Verizon Crosses Web Lines


Location:
Verizon Wireless, Basking Ridge, NJ, United States

As Verizon Communications pushes for more cable-television and high-speed Internet subscribers, a new competitor is emerging: its own subsidiary, Verizon Wireless.

This month, Verizon Wireless stores in Seattle and Portland (OR) began offering home Internet, cable and telephone service from Comcast as part of a new joint marketing deal between the cellphone provider and several cable companies. Verizon doesn't offer its competing FiOS broadband and TV service in those markets, but the marketing deal may eventually encroach into FiOS territory, people familiar with the deal say -- setting up an awkward clash within the telephone giant.

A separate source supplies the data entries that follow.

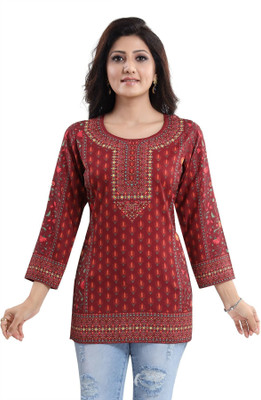 Anmi Style Galore Summer Cool Printed Short Kurti Tunic Top Printed Women Straight Kurta(Maroon)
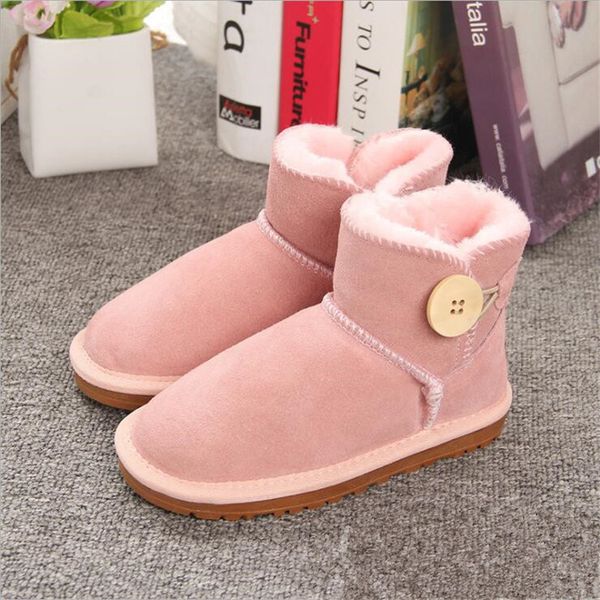 

нью-ug моды зимы детские ботинки снега 2-bow назад украшение австралийский стиль корова замша зимние девушки на открытом воздухе сапоги марк, Black;grey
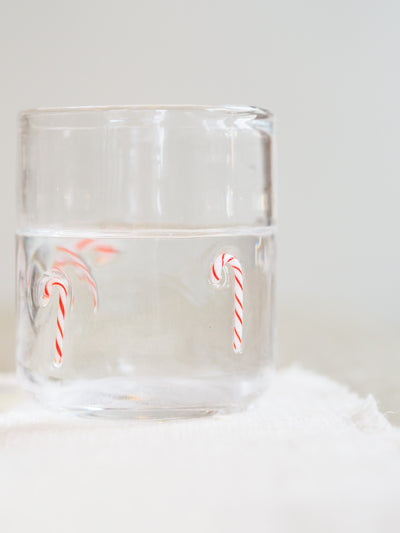 Holiday Candy Cane Drinking Glass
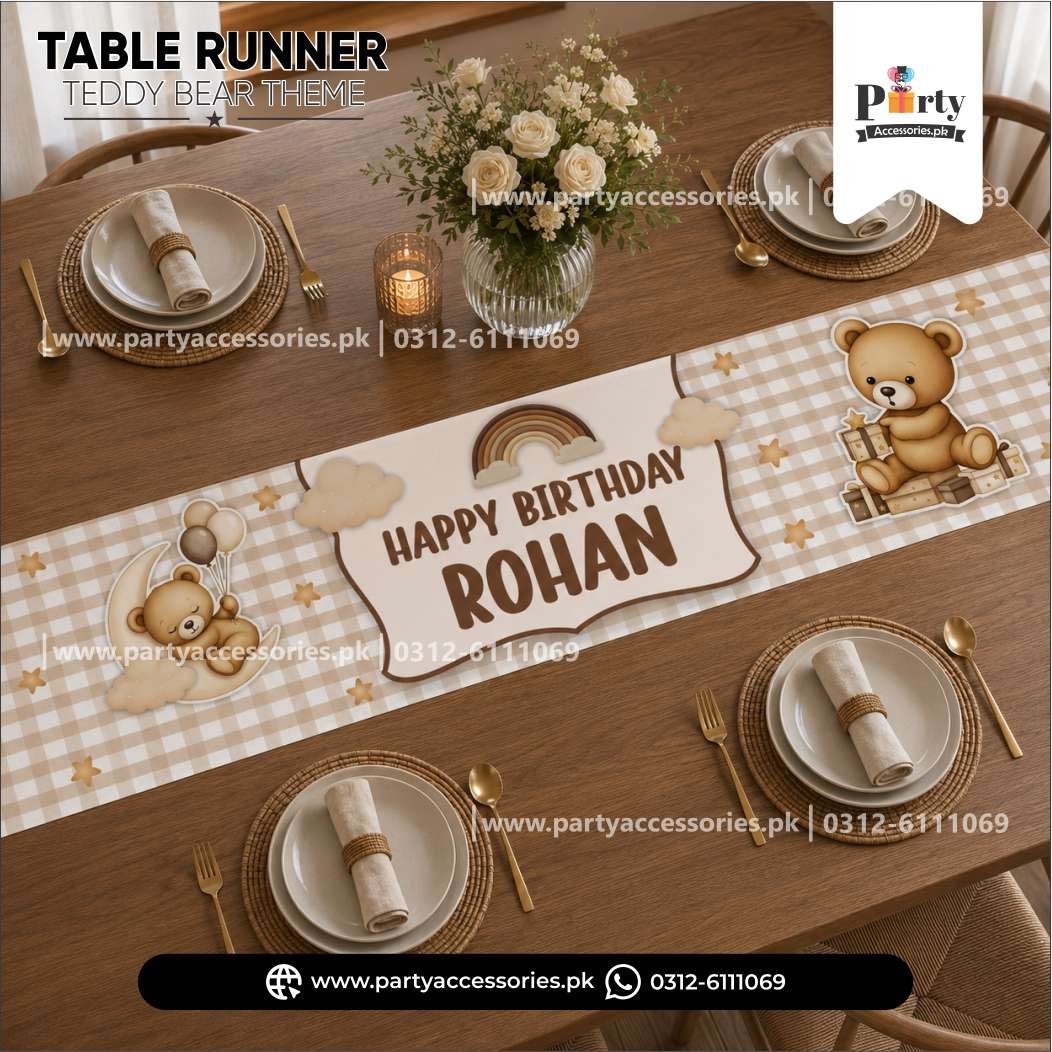 Teddy Bear Theme Table Runner for Table Decoration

The joint effort with cable companies was unveiled by Verizon Wireless last month as part of a $3.6 billion deal to buy spectrum licenses from Comcast, Time Warner Cable, and Bright House Networks. The Justice Department is investigating whether the deal will hurt competition and raise prices for cable customers, people familiar with the matter said. The deal surprised the telecom industry because it appeared to signal a truce between longtime rivals. Verizon is spending more than $20 billion rolling out FiOS to compete with cable, and cable companies -- already competing in the telephone market with their own landline products -- had amassed spectrum to potentially get into the wireless business. It also raised questions among union leaders and consumer advocates about Verizon's commitment to FiOS. Verizon insists it's committed to FiOS, a fiber-optic-cable-based service that reaches about 14% of U.S. households. But for longtime observers of the rivalry between Verizon and cable providers, the companies' marketing moves in past weeks may have prompted some double-takes.